» Assignment
Copy each line below as written, but skip the pictures.

» Data block
════

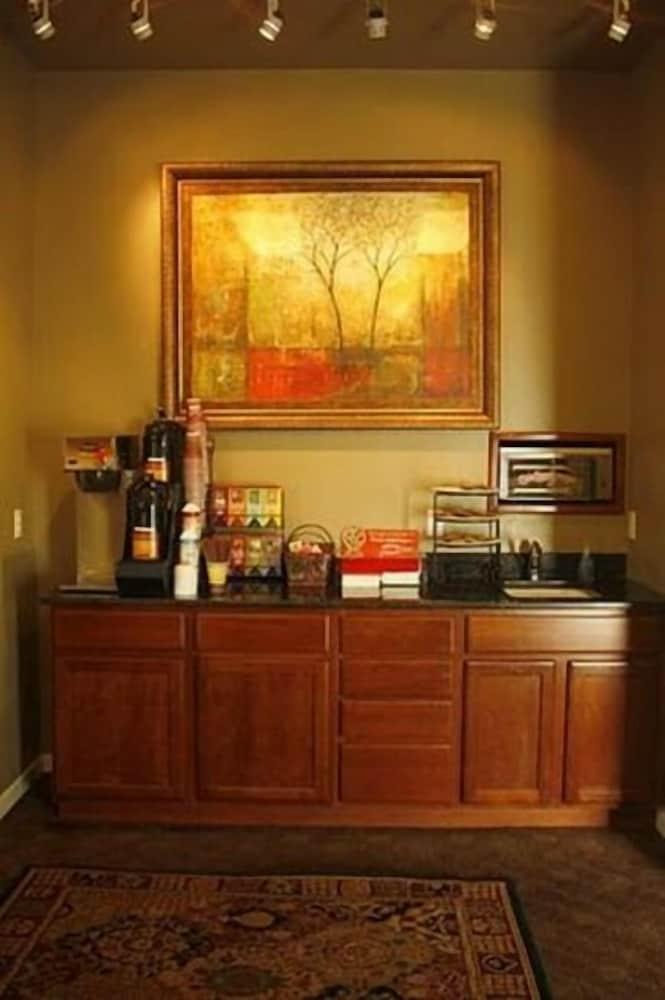 Stratford Suites photo 13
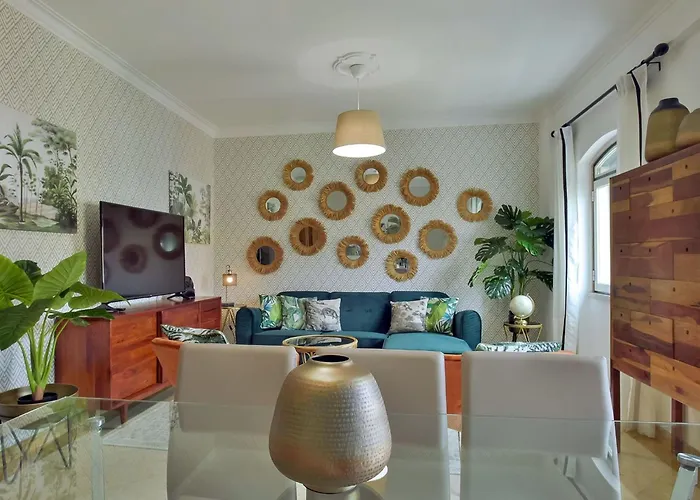 Daire Zentrale In By Interhome Lisboa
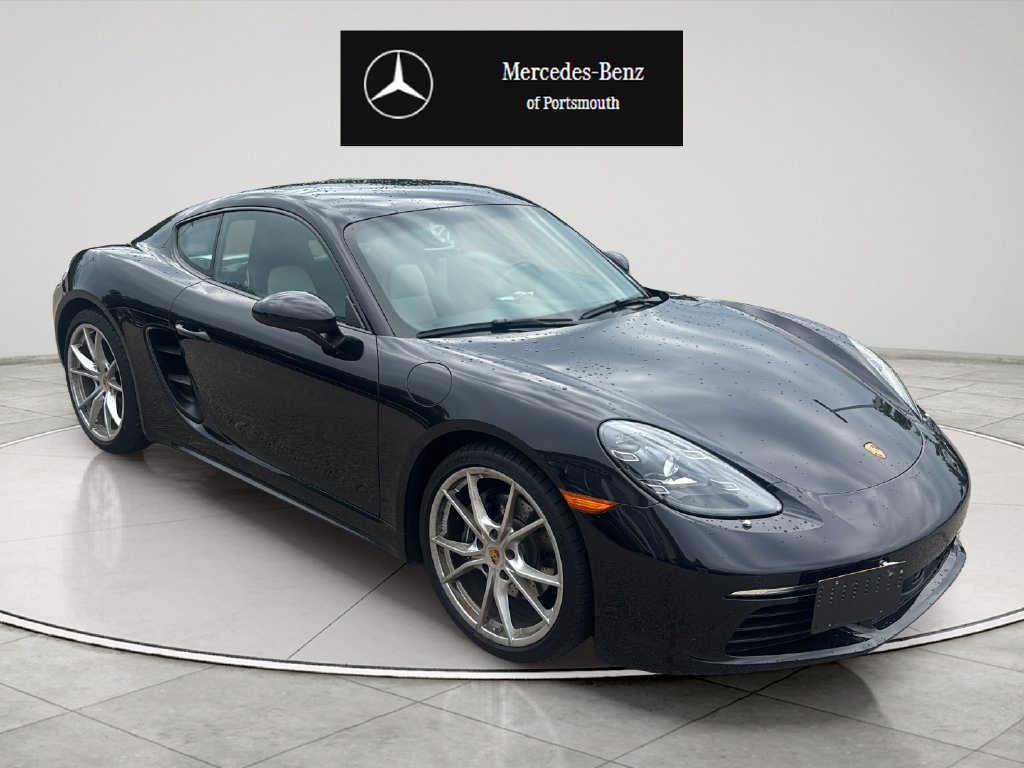 Used 2024 Porsche 718 Cayman RWD image 7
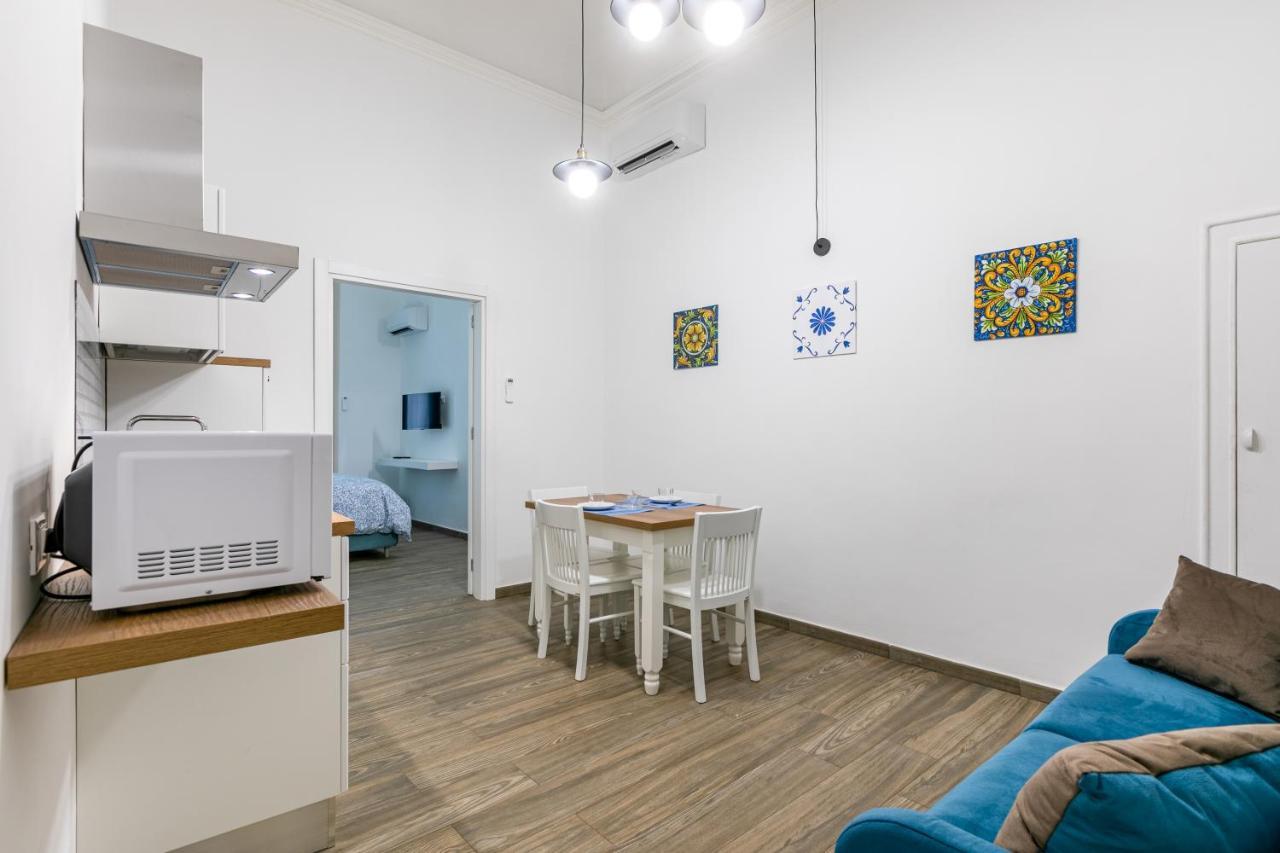Vittorio Emanuele Charming Central Flats パレルモ エクステリア 写真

════

» Answer
 Stratford Suites photo 13
 Daire Zentrale In By Interhome Lisboa
 Used 2024 Porsche 718 Cayman RWD image 7
Vittorio Emanuele Charming Central Flats パレルモ エクステリア 写真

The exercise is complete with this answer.